ACTIVITY
Only the lines from the one that includes "Lot 18 Timber" through the last line below belong in the reply, copied exactly and without pictures.

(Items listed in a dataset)
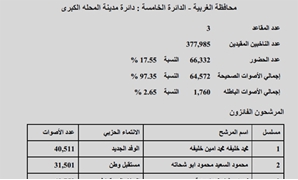 النتيجة الرسمية لدائرة مدينة المحلة الكبرى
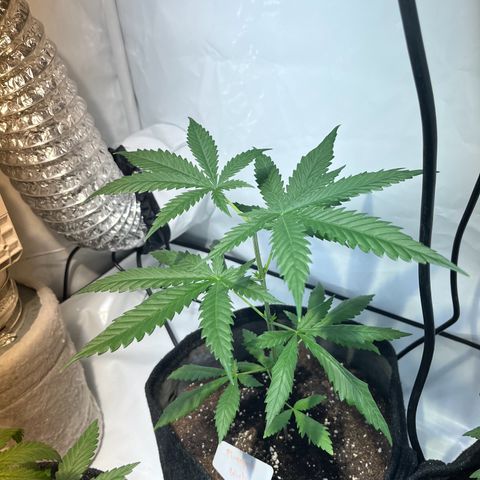 Pineapple Kush growlog timeline photo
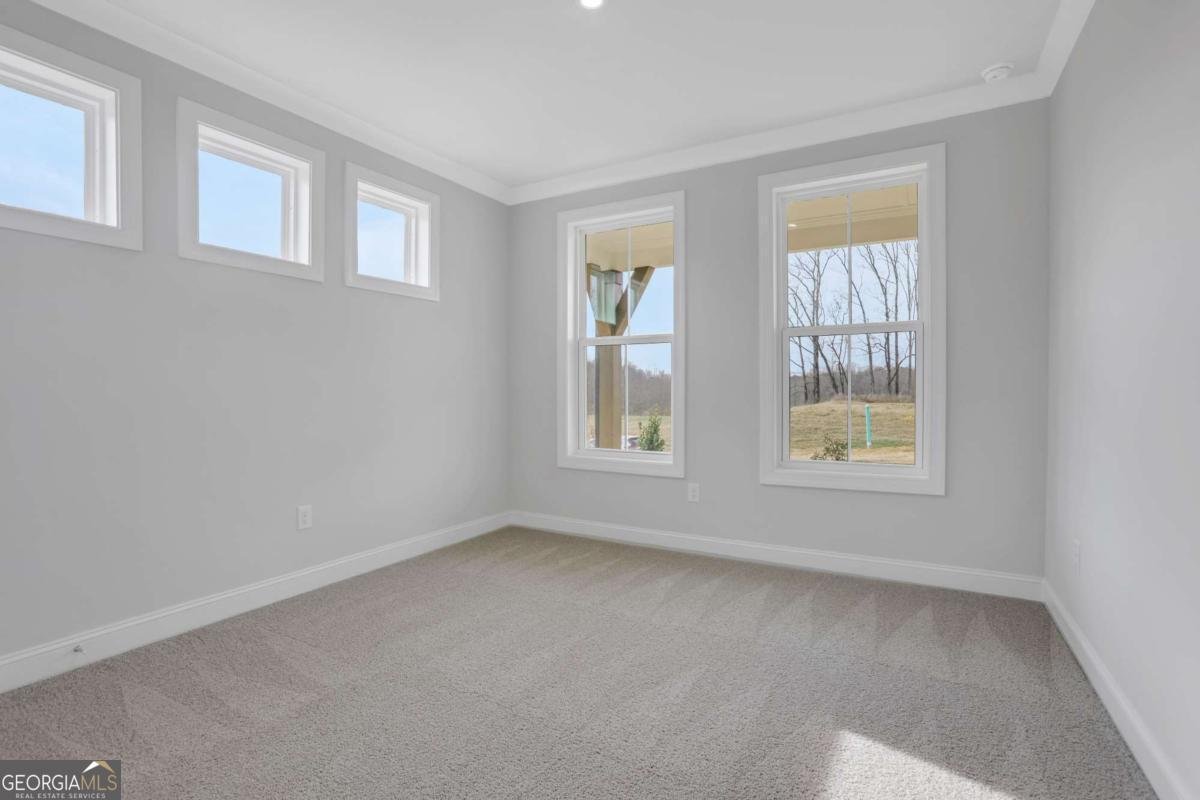 5890 Sweet Acacia Avenue Cumming - Photo 19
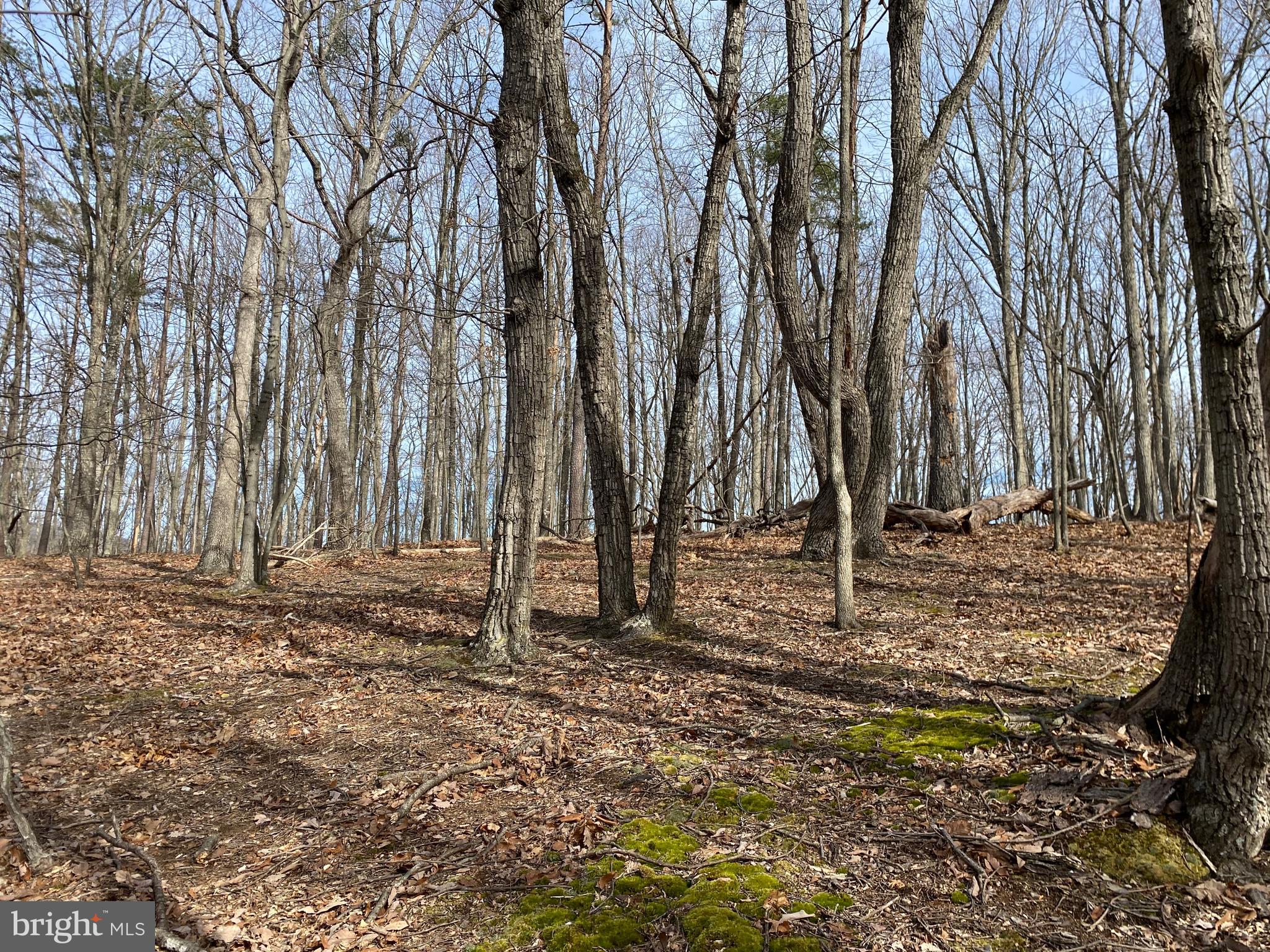 Lot 18 Timber Ridge Cross Junction, VA 22625 - Photo 5 of 5 Gallery Image 5
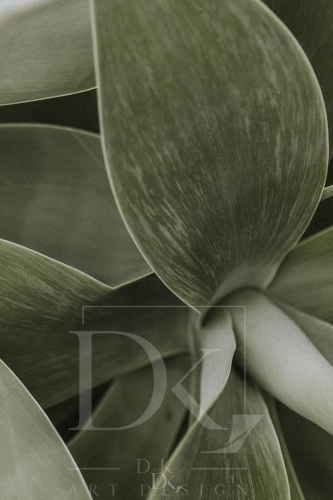 allegro 1 succulent-plant-background-wallpaper-aesthetic-nature-dark-image.webp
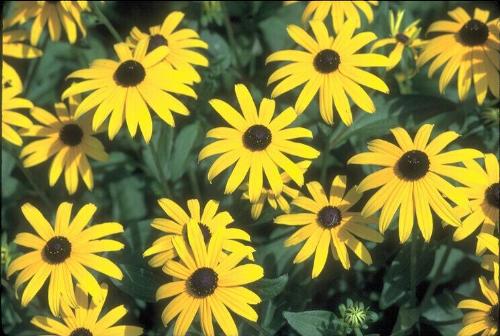 flower  - nice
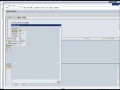 SAP BPC 10 1 - Debugging Fox Formulas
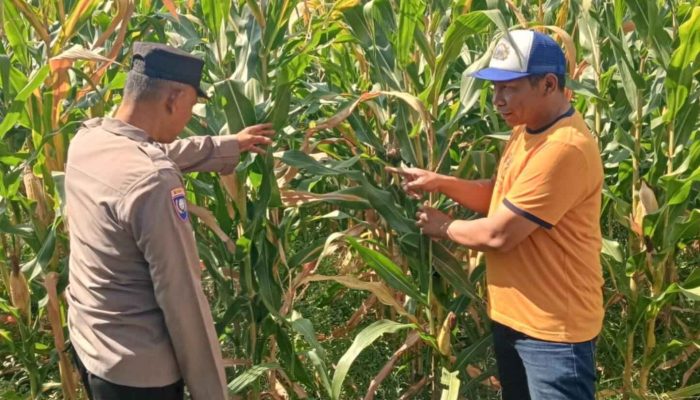 Jalin Kedekatan dengan Petani, Anggota Polsek Tarik Patroli dan Pantau Lahan Jagung untuk Ketahanan Pangan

SOLUTION BELOW
 Lot 18 Timber Ridge Cross Junction, VA 22625 - Photo 5 of 5 Gallery Image 5
 allegro 1 succulent-plant-background-wallpaper-aesthetic-nature-dark-image.webp
 flower  - nice
 SAP BPC 10 1 - Debugging Fox Formulas
 Jalin Kedekatan dengan Petani, Anggota Polsek Tarik Patroli dan Pantau Lahan Jagung untuk Ketahanan Pangan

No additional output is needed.